Data for this exercise:
##########

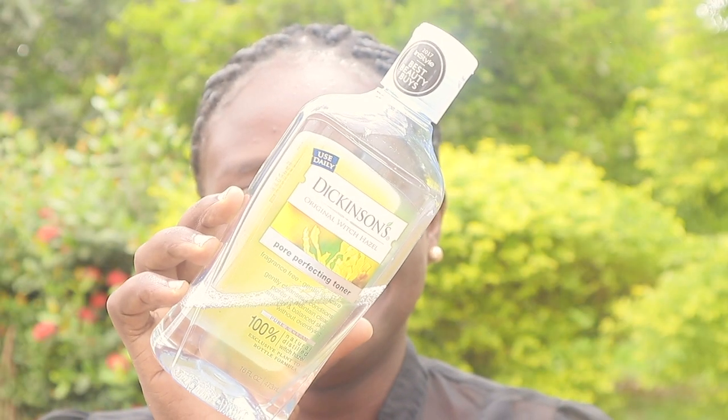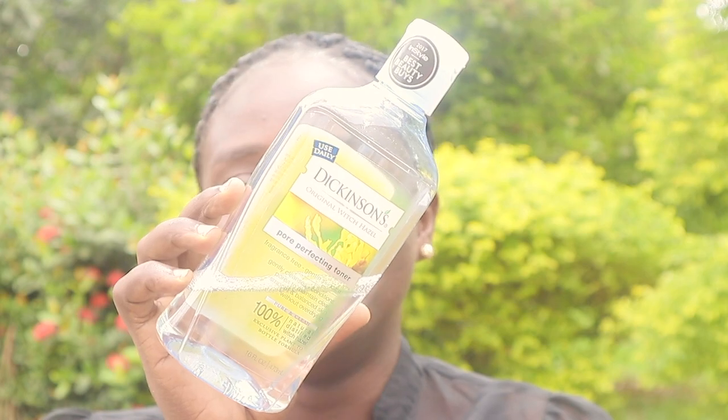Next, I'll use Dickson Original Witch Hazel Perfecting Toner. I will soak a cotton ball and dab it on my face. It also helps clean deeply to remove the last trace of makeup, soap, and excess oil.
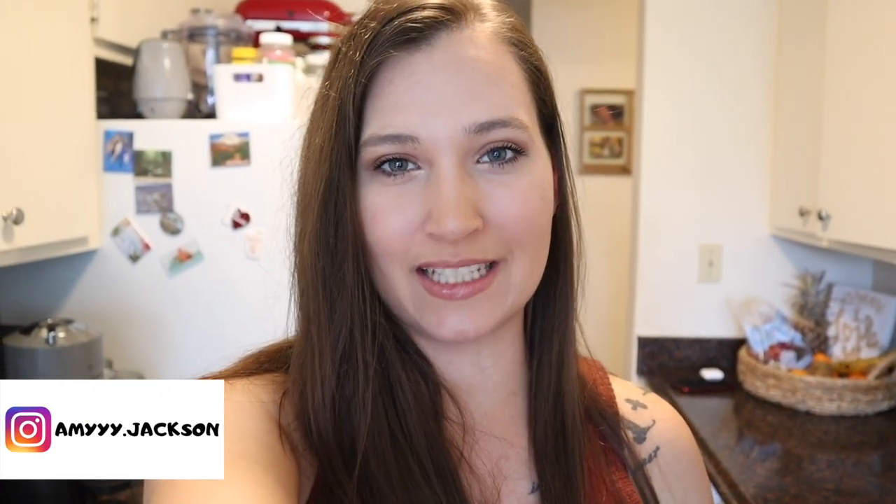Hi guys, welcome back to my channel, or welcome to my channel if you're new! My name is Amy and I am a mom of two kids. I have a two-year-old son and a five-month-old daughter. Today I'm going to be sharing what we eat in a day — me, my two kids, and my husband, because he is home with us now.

##########

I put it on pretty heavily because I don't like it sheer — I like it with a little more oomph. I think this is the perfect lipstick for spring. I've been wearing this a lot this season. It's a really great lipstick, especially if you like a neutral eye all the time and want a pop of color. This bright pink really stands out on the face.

##########

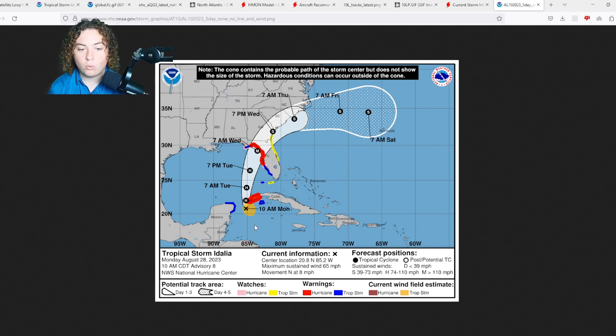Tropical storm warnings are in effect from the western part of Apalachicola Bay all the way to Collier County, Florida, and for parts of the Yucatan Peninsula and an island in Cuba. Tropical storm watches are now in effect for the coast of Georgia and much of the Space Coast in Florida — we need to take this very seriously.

##########

Task objective:
From the data above, return exactly the lines from the one with "Next, I'll use" up to and including the one with "Hi guys, welcome". Pictures do not go in the copy.

Your solution:
Next, I'll use Dickson Original Witch Hazel Perfecting Toner. I will soak a cotton ball and dab it on my face. It also helps clean deeply to remove the last trace of makeup, soap, and excess oil.
Hi guys, welcome back to my channel, or welcome to my channel if you're new! My name is Amy and I am a mom of two kids. I have a two-year-old son and a five-month-old daughter. Today I'm going to be sharing what we eat in a day — me, my two kids, and my husband, because he is home with us now.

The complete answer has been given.